Mais derrière ces réunions de haut vol, se dessine une convergence stratégique entre les deux pays.
Alternative pour l'un, présence stratégique pour l'autre
La Türkiye vient s’ajouter à une nouvelle configuration des partenaires des pays du Sahel. En effet, après le Mali et le Burkina Faso, le Niger a rompu en quelques sortes sa coopération jugée infructueuse avec les occidentaux et la France en particulier. Après plus d’une dizaine d’années de présence au Sahel, les "pays de l’Ouest" n’ont pas été en mesure d’aider les pays sahéliens à renforcer la capacité de leurs armées, encore moins à mettre fin aux attaques terroristes.
La prise du pouvoir par les militaires dans les pays de l’AES a été suivie d’un changement paradigmatique. Lors d’une visite au Burkina Faso juin dernier, le Colonel Assimi Goita du Mali avait notamment expliqué que la création de l'Alliance des États du Sahel (AES) a permis au trois pays membres :
de sortir des partenariats de façade et non efficaces pour nous orienter vers des partenaires sincères tels que la Russie, la Chine, la Türkiye.

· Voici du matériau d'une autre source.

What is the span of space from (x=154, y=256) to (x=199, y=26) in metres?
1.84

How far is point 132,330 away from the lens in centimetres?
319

De l’autre côté, la Türkiye elle continue de renforcer sa présence en Afrique qui est devenue depuis plus de 20 ans, une priorité pour Ankara. Les relations turco-africaines se sont d’abord accélérées depuis 2005 décrétée "Année de l’Afrique" en Türkiye, synonyme d’une ouverture du pays au continent.
Mais si la Türkiye avait priorisé les relations économiques et commerciales avec les pays africains, le développement de son industrie de défense a permis à Ankara de renforcer ses partenariats militaires. La Türkiye est déjà militairement présente en Libye et en Somalie où notamment elle forme les militaires somaliennes et partage son expérience de la lutte antiterroriste.
En ce sens, subsiste une convergence des besoins et des visions stratégiques entre la Türkiye et le Niger qui, comme ses voisins du Sahel, cherche de nouveaux partenaires plus crédibles. La Türkiye qui compte 45 ambassades désormais en Afrique continue de faire du continent un "bassin géopolitique" où elle peut promouvoir son commerce, ses entreprises et des partenariats crédibles, pouvant se répercuter dans son aura diplomatique.
Si la Türkiye était connue pour son soft power en Afrique depuis deux décennies, elle est désormais concrètement dans une démarche de smart power avec un renforcement de ses coopérations militaires avec des pays demandeurs et dans le besoin, comme le Niger.